● Task statement:
Lines before the one containing "used 2022 Chevrolet" are left out; return that line and all lines after it, exactly, through the end of the records below.

● Material provided:
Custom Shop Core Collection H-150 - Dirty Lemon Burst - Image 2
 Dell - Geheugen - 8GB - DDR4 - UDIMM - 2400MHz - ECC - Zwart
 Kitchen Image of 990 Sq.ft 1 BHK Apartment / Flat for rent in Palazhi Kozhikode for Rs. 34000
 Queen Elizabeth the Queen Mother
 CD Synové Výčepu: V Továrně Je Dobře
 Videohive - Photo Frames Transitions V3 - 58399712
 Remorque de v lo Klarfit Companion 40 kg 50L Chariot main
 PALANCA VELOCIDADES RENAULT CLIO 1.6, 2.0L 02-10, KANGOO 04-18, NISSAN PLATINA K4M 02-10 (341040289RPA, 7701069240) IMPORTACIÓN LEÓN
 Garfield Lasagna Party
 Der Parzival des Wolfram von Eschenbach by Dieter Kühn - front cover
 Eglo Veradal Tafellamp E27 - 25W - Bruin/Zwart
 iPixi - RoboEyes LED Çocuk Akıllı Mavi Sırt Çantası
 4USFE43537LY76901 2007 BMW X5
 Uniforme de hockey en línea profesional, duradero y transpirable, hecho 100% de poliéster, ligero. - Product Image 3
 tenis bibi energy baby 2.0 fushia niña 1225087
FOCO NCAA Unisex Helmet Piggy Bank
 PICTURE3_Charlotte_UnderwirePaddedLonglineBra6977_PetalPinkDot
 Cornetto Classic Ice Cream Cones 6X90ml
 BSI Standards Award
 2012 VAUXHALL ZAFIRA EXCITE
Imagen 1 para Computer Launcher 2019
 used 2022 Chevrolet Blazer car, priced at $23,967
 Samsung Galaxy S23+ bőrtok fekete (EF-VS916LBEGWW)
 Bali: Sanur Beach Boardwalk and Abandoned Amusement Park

● Response to the task:
 used 2022 Chevrolet Blazer car, priced at $23,967
 Samsung Galaxy S23+ bőrtok fekete (EF-VS916LBEGWW)
 Bali: Sanur Beach Boardwalk and Abandoned Amusement Park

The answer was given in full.